= Beginning of Section =

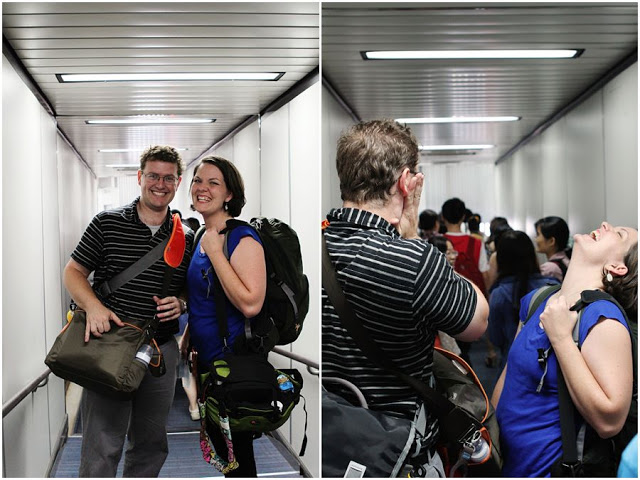 The author and her husband, laughing, waiting to board a plane.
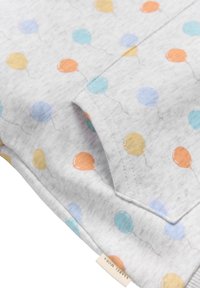 Tejido gris claro con un patrón de globos coloreados en naranja, azul y amarillo. Incluye una costura visible y una etiqueta en la esquina.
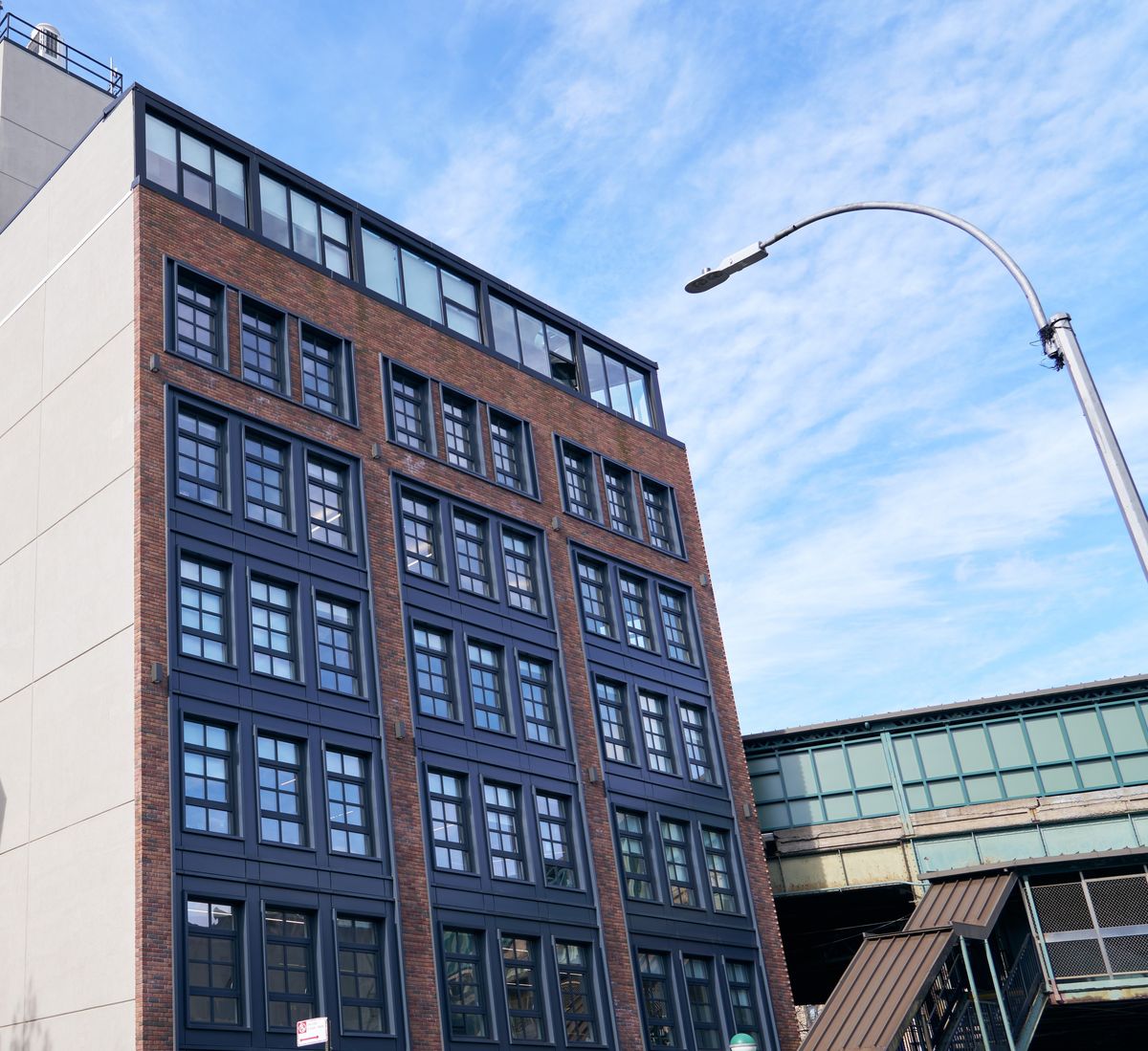 A Vistaza building beside an elevated train line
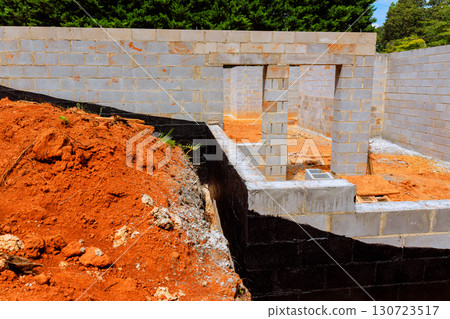 Construction workers lay groundwork for new homes, showcasing blocked walls rich red soil in works day 130723517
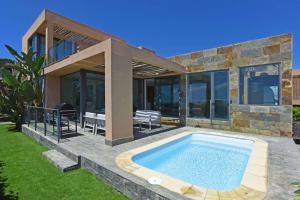 a house with a swimming pool in the yard at Salobre Los Lagos 26 in Maspalomas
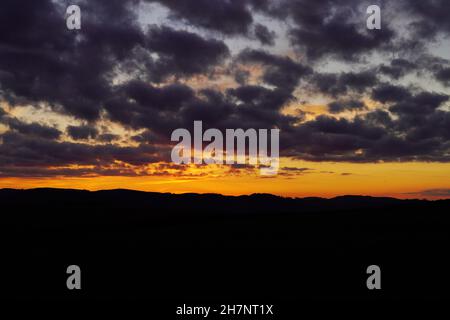 Sunset in the Sauerland. Landscape with setting sun in the evening. Stock Photo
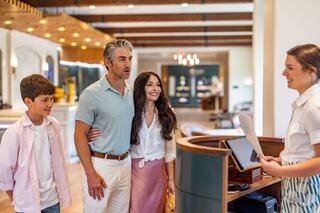 A family stands happily at a reception desk, engaging with a staff member, in a bright, welcoming environment.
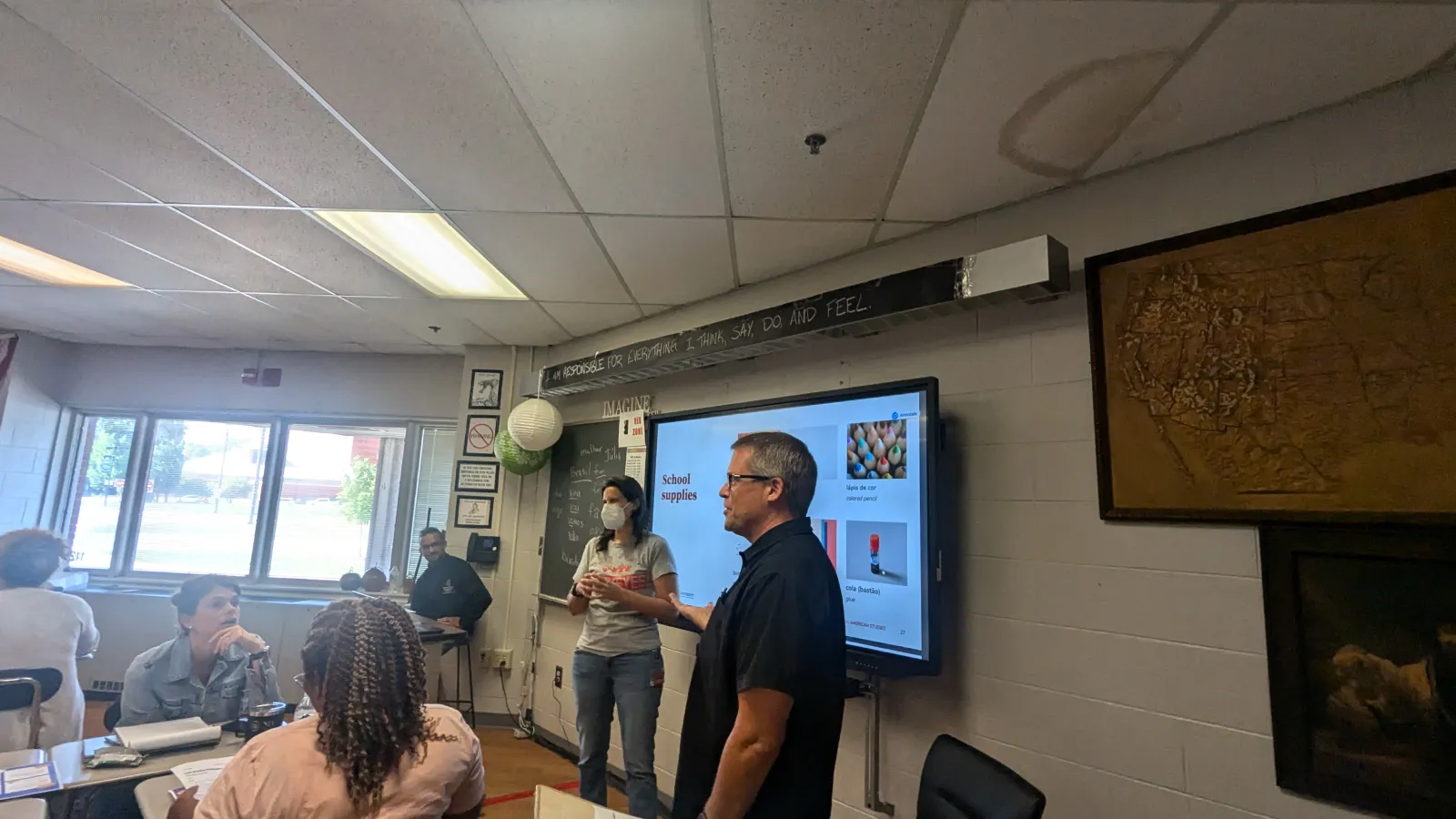 Scott, Leila and Julio presenting in a classroom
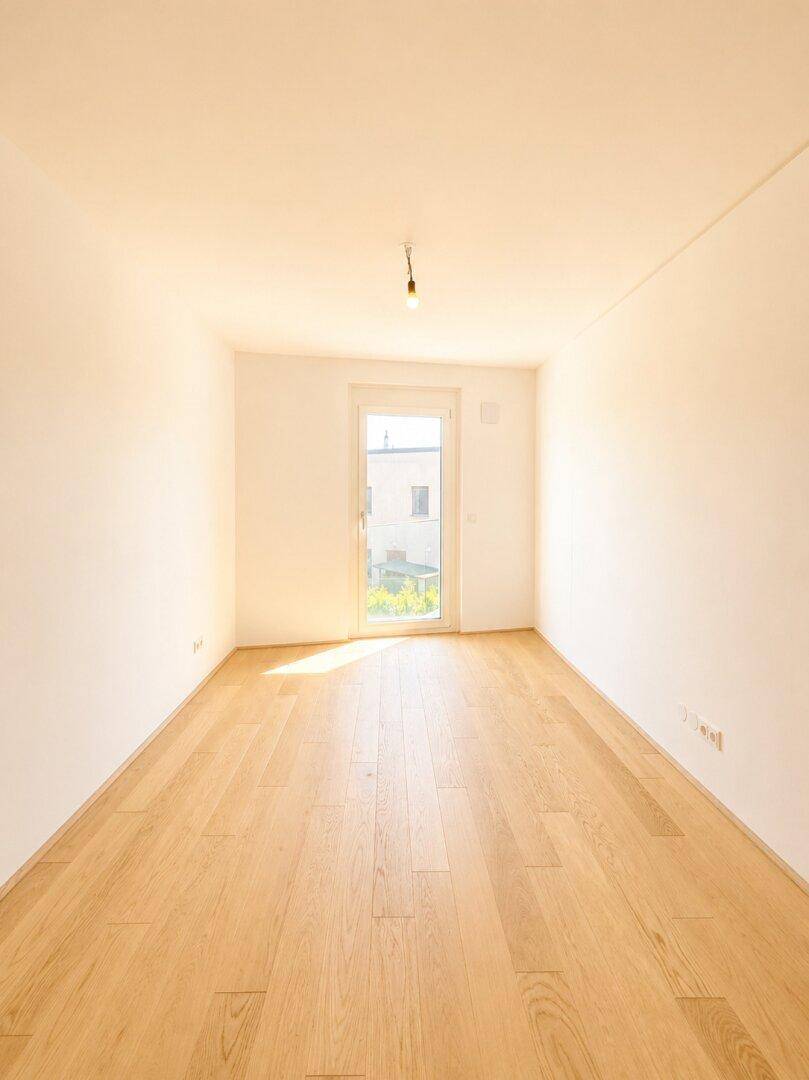 Leeres Zimmer mit Holzboden und einem großen Fenster, das den Raum erhellt.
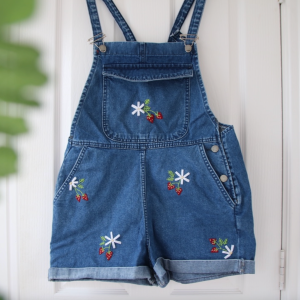 A blue pair of short overalls hand embroidered with strawberries and daisies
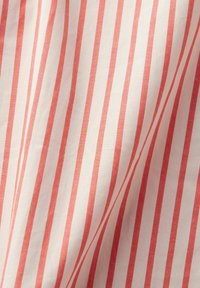 Tessuto di cotone con strisce verticali alternate di colore rosso e bianco, caratterizzato da una consistenza morbida e una finitura liscia.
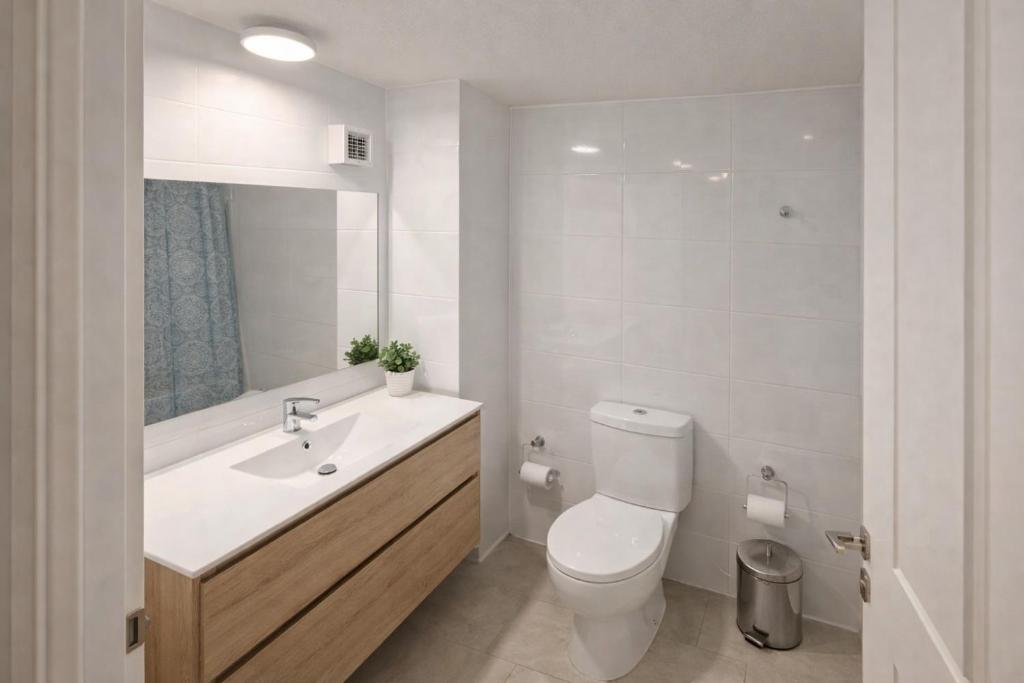 a white bathroom with a sink and a toilet at Edificio iquique obispo labbe 830 in Iquique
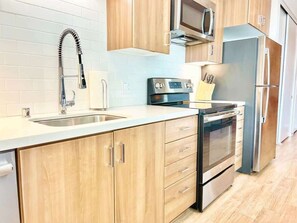 Eine Küche mit Holzausstattung, einem Edelstahlkühlschrank, einer Mikrowelle und einem Backofen.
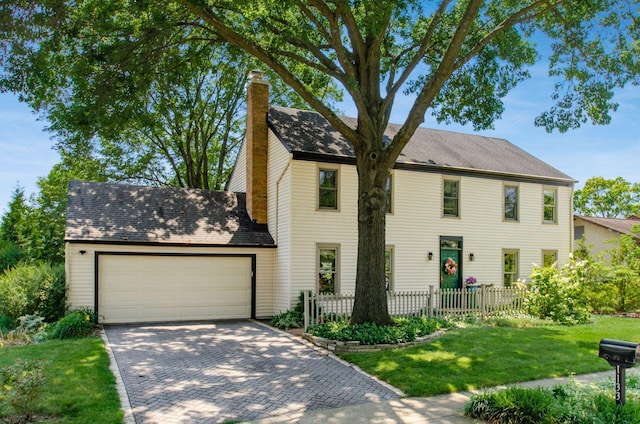 1133 Rockport Ln, Columbus, OH 43235 - colonial-style house with a chimney, an attached garage, driveway, and a shingled roof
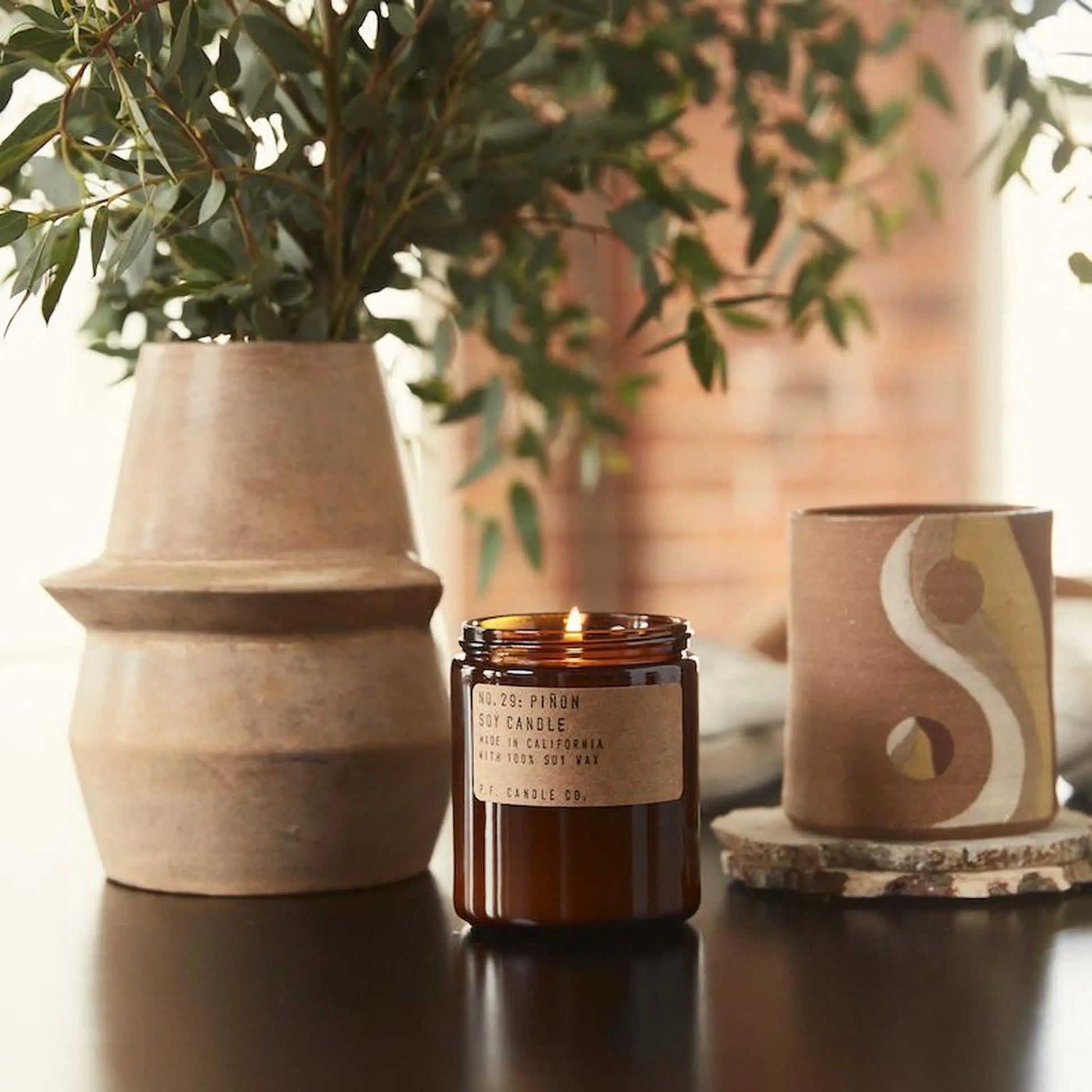 A P.F. Candle Co. No. 29 Piñon 7.2 oz Soy Candle in amber glass glows on a dark table next to a tan ceramic vase with greenery and a decorative container, its cedarwood notes bringing warmth to the cozy setting.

= End of Section =

**Problem details**
Output exactly the lines from the one containing "A Vistaza building" through the last line of the records above, both included, leaving out any pictures.

**Result of the task**
 A Vistaza building beside an elevated train line
 Construction workers lay groundwork for new homes, showcasing blocked walls rich red soil in works day 130723517
 a house with a swimming pool in the yard at Salobre Los Lagos 26 in Maspalomas
 Sunset in the Sauerland. Landscape with setting sun in the evening. Stock Photo
 A family stands happily at a reception desk, engaging with a staff member, in a bright, welcoming environment.
 Scott, Leila and Julio presenting in a classroom
 Leeres Zimmer mit Holzboden und einem großen Fenster, das den Raum erhellt.
 A blue pair of short overalls hand embroidered with strawberries and daisies
 Tessuto di cotone con strisce verticali alternate di colore rosso e bianco, caratterizzato da una consistenza morbida e una finitura liscia.
 a white bathroom with a sink and a toilet at Edificio iquique obispo labbe 830 in Iquique
 Eine Küche mit Holzausstattung, einem Edelstahlkühlschrank, einer Mikrowelle und einem Backofen.
 1133 Rockport Ln, Columbus, OH 43235 - colonial-style house with a chimney, an attached garage, driveway, and a shingled roof
 A P.F. Candle Co. No. 29 Piñon 7.2 oz Soy Candle in amber glass glows on a dark table next to a tan ceramic vase with greenery and a decorative container, its cedarwood notes bringing warmth to the cozy setting.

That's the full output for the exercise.